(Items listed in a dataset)
- - -

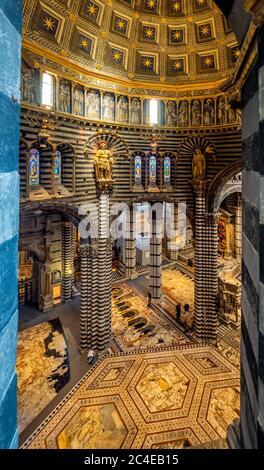 Interior view of dome and floor of Siena Cathedral, Italy Stock Photo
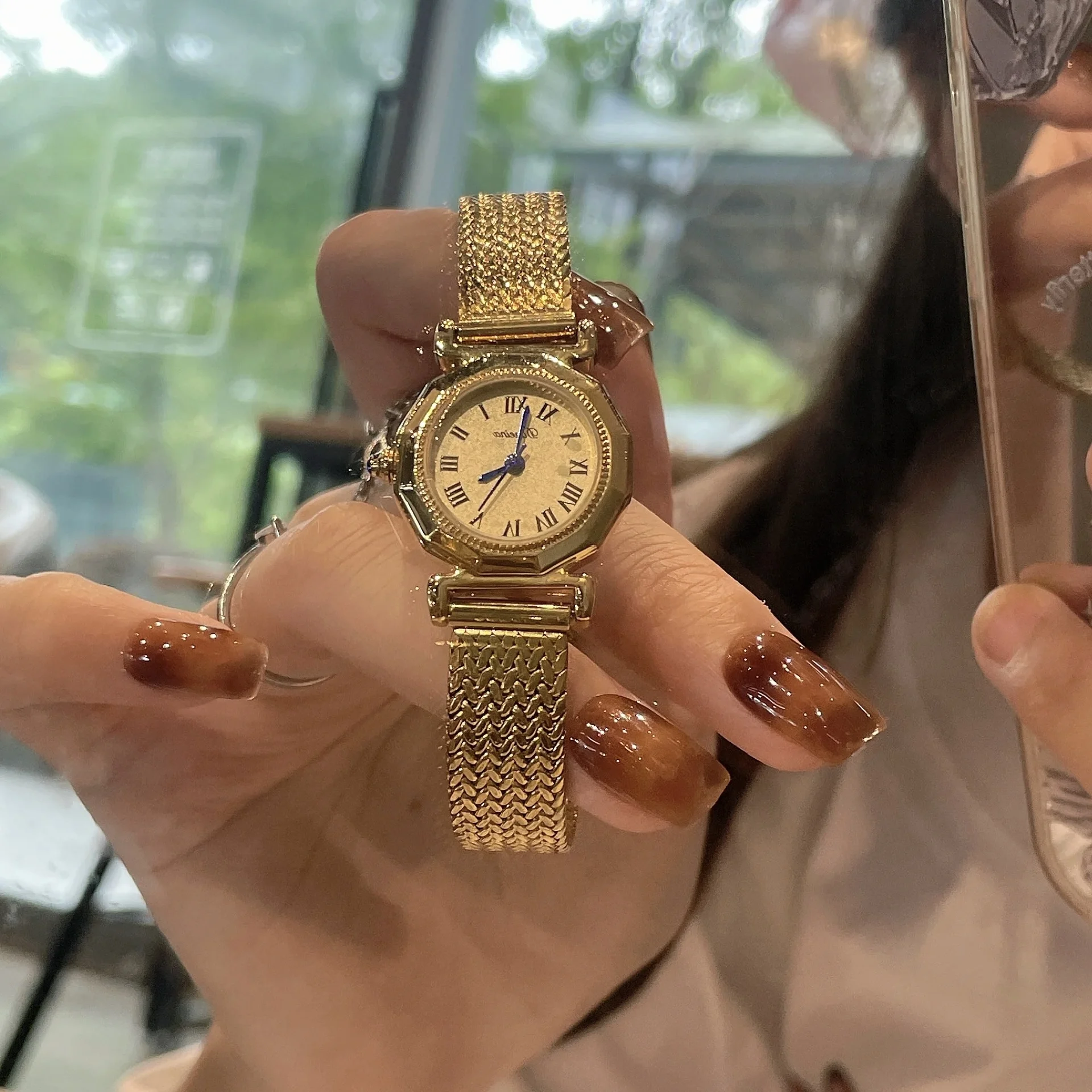 

Elegant watch, French-style light luxury retro women's watch, small and exquisite women's watch, women's gift.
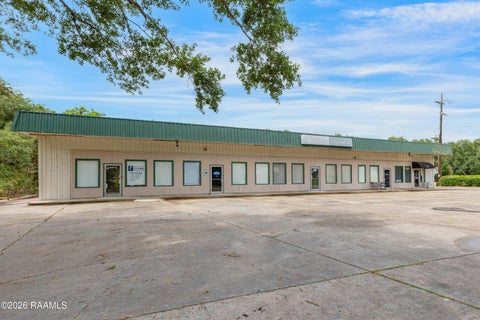 Photo of 715 N Lewis Street, New Iberia, LA 70563 (MLS # 2600007435)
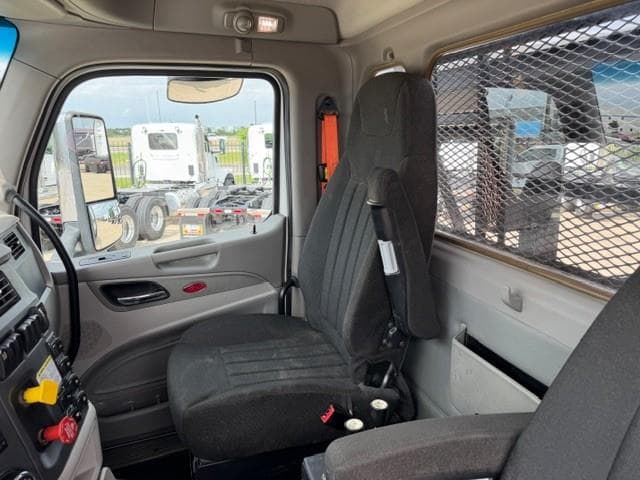 2019 Peterbilt 567 — photo 25
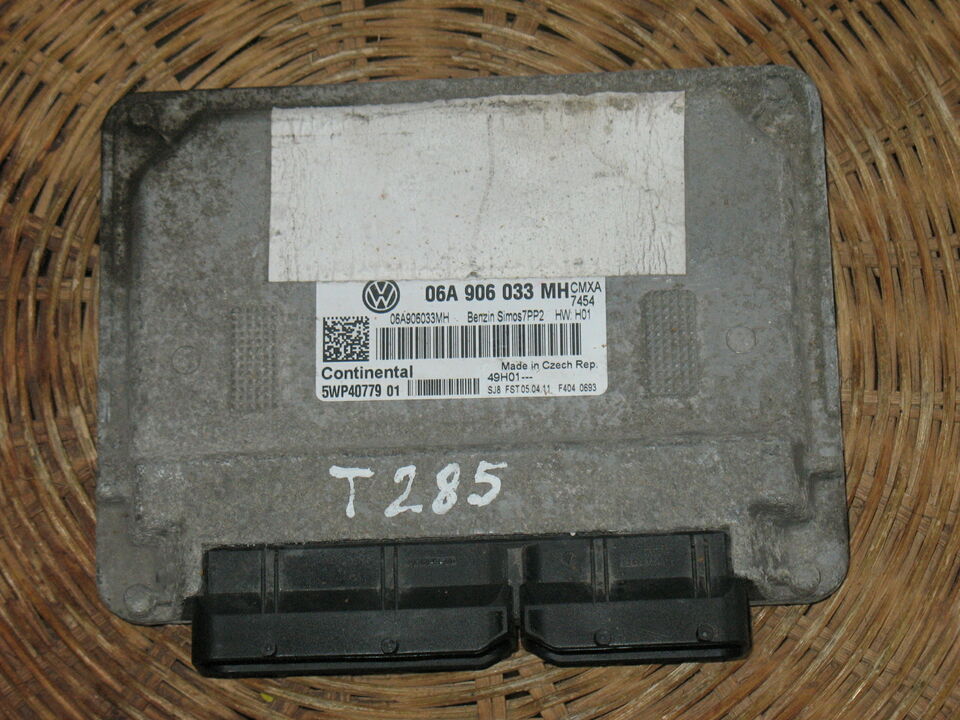 ECU Volkswagen Golf Mk6 06A906033MH CONTINENTAL 5WP40779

- - -

- Problem
Reproduce, with no pictures, the lines from the one containing "Photo of 715" to the end of the records above, exactly and inclusively.

- Result for this task
 Photo of 715 N Lewis Street, New Iberia, LA 70563 (MLS # 2600007435)
 2019 Peterbilt 567 — photo 25
 ECU Volkswagen Golf Mk6 06A906033MH CONTINENTAL 5WP40779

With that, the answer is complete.